Welsh and Cornish Immigrants
When copper was discovered in the area known as the Copper Triangle incorporating the towns of Kadina, Moonta, and Wallaroo, the mining of copper was essentially in Moonta, and Kadina, with the smelting done in Wallaroo. There is an area known as Wallaroo Mines, but this is so far from Wallaroo that it is nowadays essentially a suburb of Kadina. Copper was discovered in 1851, and of course getting to work in those times gererally involved walking. Consequently, people lived near where they worked, Kadina and Moonta for miners, and Wallaroo for smelters. Where did these people come from? Those generally regarded as the most skilled in these professions were Cornish miners and Welsh smelters, and there were many immigrants in both categories who came to Australia to take advantage of the need for their skills.
The Cornishmen were well known for their mining skills, and also their ability to keep their mines pumped dry, having developed the steam powered beam engine pump. There is one of these still standing at Moonta mines site. We recognise the contribution of the Cornish by holding the “Kernewek Lowender” (Cornish happiness) festival every second year throughout the Copper Triangle. They played such a big part in the state of South Australia, that in 1865, nearly half of all immigrants living in the state were Cornish. Bad financial and work conditions in Cornwall encouraged them to emigrate to Australia.

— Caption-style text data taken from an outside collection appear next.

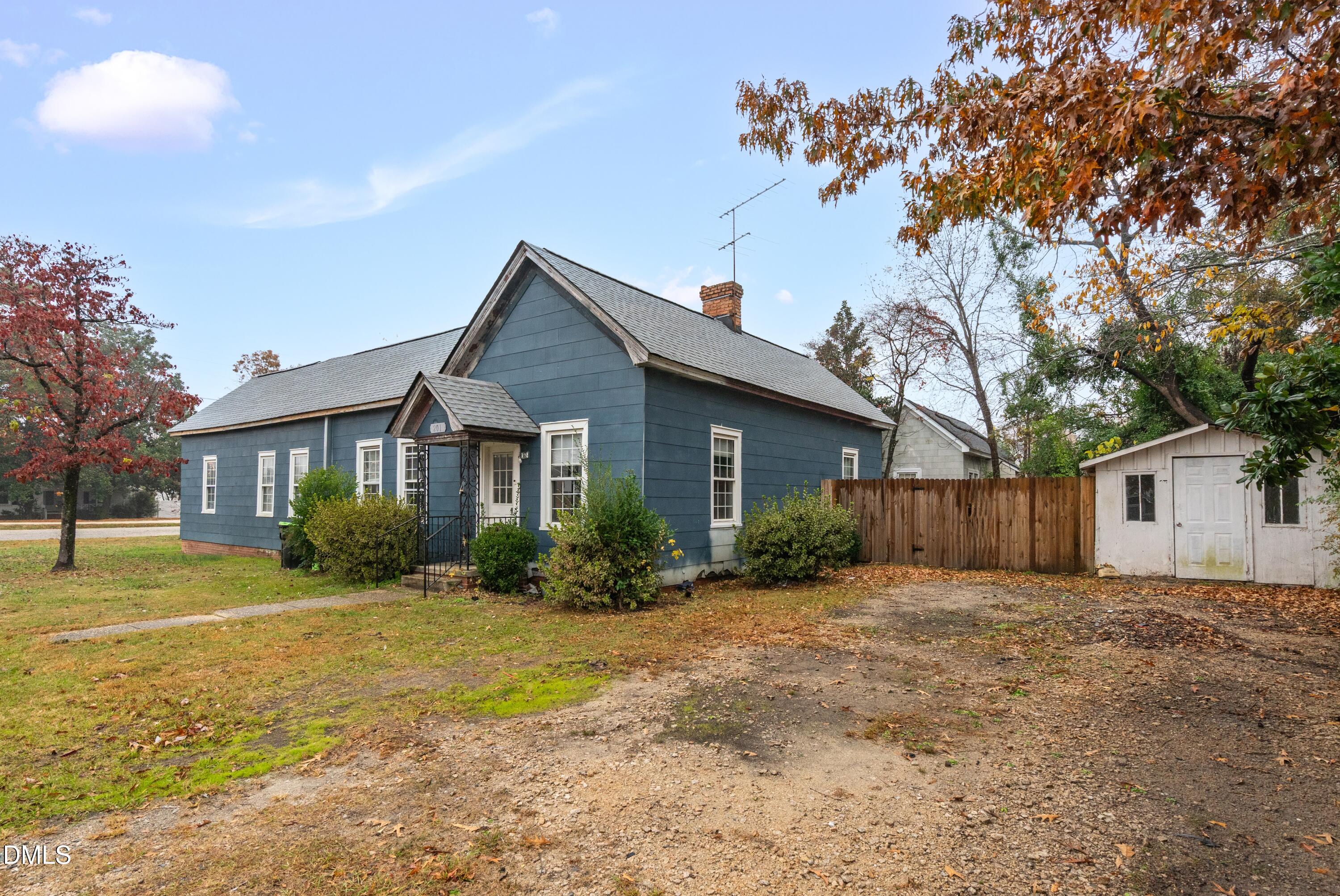 201 East H Street Erwin, NC 28339 - Photo 2 of 23 a view of a yard in front of a house with large trees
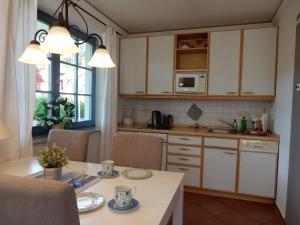 una cocina con armarios blancos y una mesa con sillas. en Eichenpark 33, en Prerow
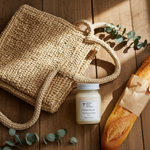 Load image into Gallery viewer, Woven bag, 16 oz Mason Jar French Market Candle, and loaf of bread on a wooden surface with eucalyptus leaves. Southern Charm Farmhouse
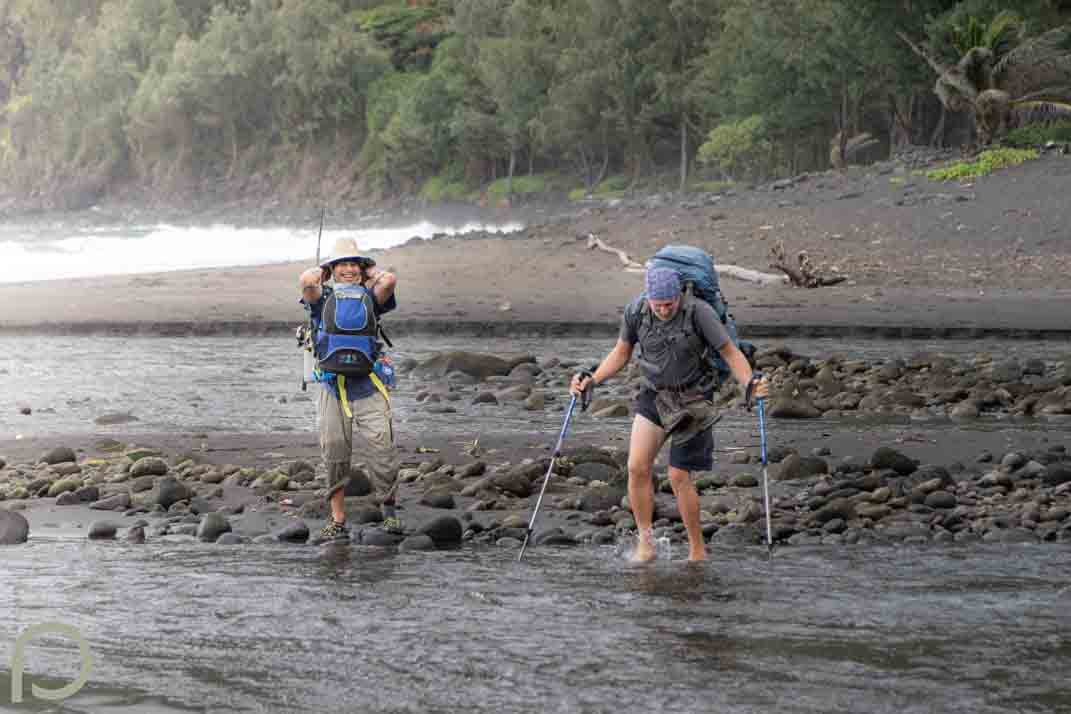 men crossing a river
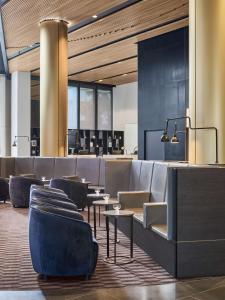 a lobby with chairs and tables and a bar at Vibe Hotel Melbourne Docklands in Melbourne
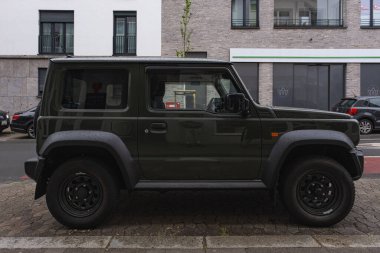 Koyu yeşil arazi aracı Suzuki Jimny sakin bir şehir sokağına park etmiş.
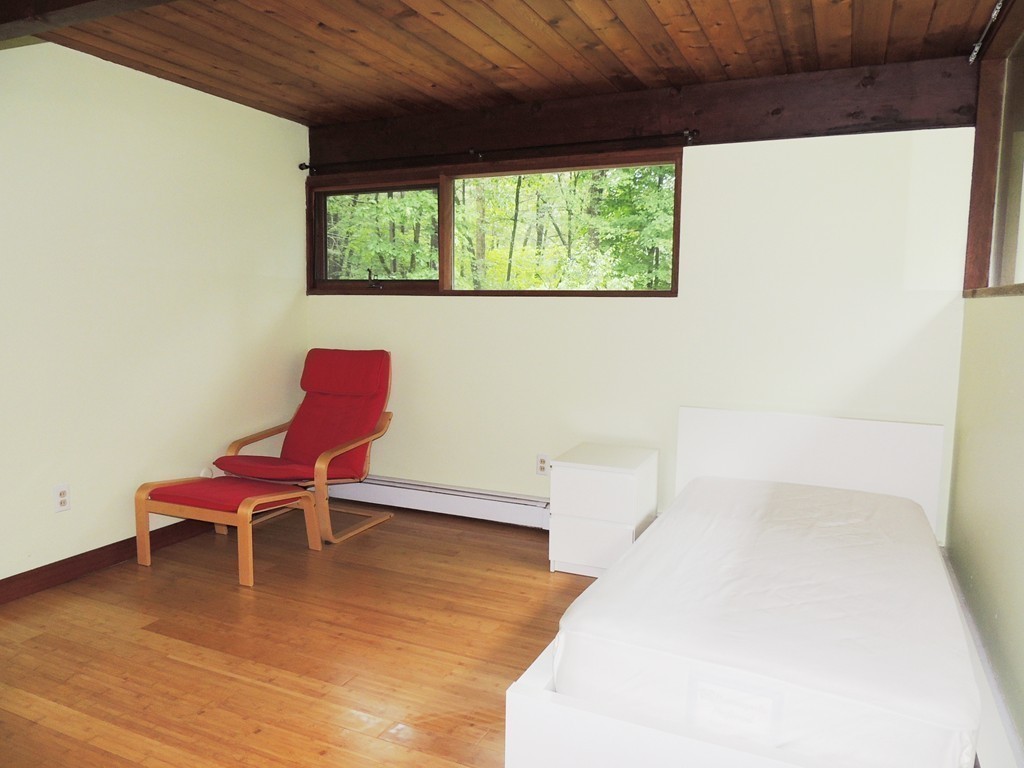 76 Wolf Rock Road Carlisle, MA 01741 - Photo 11 of 20 a chair and a table in a room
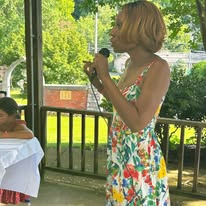 Camisha speaking at an outdoor pavilion event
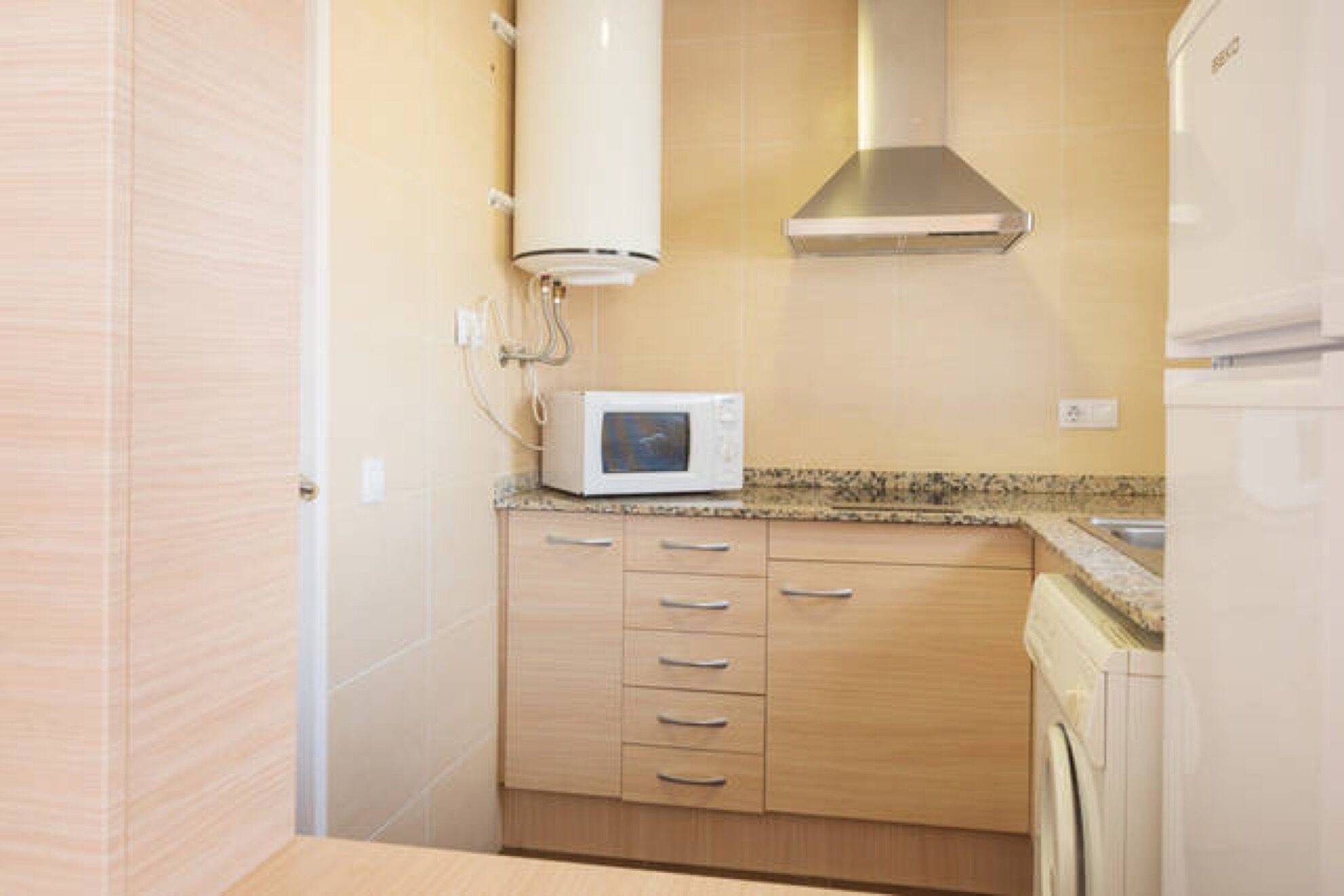 A compact kitchen with wooden cabinets, a microwave, and a stainless steel range hood.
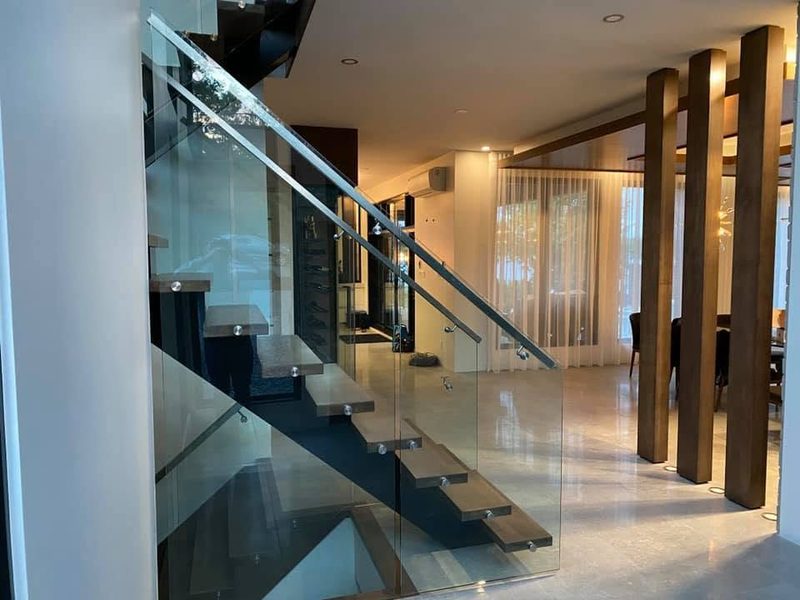 Escalier flottant avec garde-corps de verre et colonnes décoratives en bois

The Welsh seem to have been overlooked to a degree (no festival for them) despite their smelting skills. It would be fair to say that without these skills, there would have been no actual copper metal sold from Wallaroo. The process used was very complex and time consuming, and at the time it was introduced, it was only known to the Welsh. Over the years, changes to the smelting technology were incorporated to take advantage of new developments such as the blast furnace. Wallaroo became the biggest smelting site outside of Swansea in Wales, although some suggest that it was the biggest in the World. The Welsh trademark square plan chimneys were numerous, but now only one, The Hughes Stack, remains as a reminder of old times, and is being conserved. An extremely thorough history of Wallaroo and its smelting with detailed plans and historic pictures can be found here. Whilst the Welsh employed in the smelters were by no means as numerous as the Cornish Miners in the other towns, many of the present day citizens of Wallaroo would have Welsh ancestry.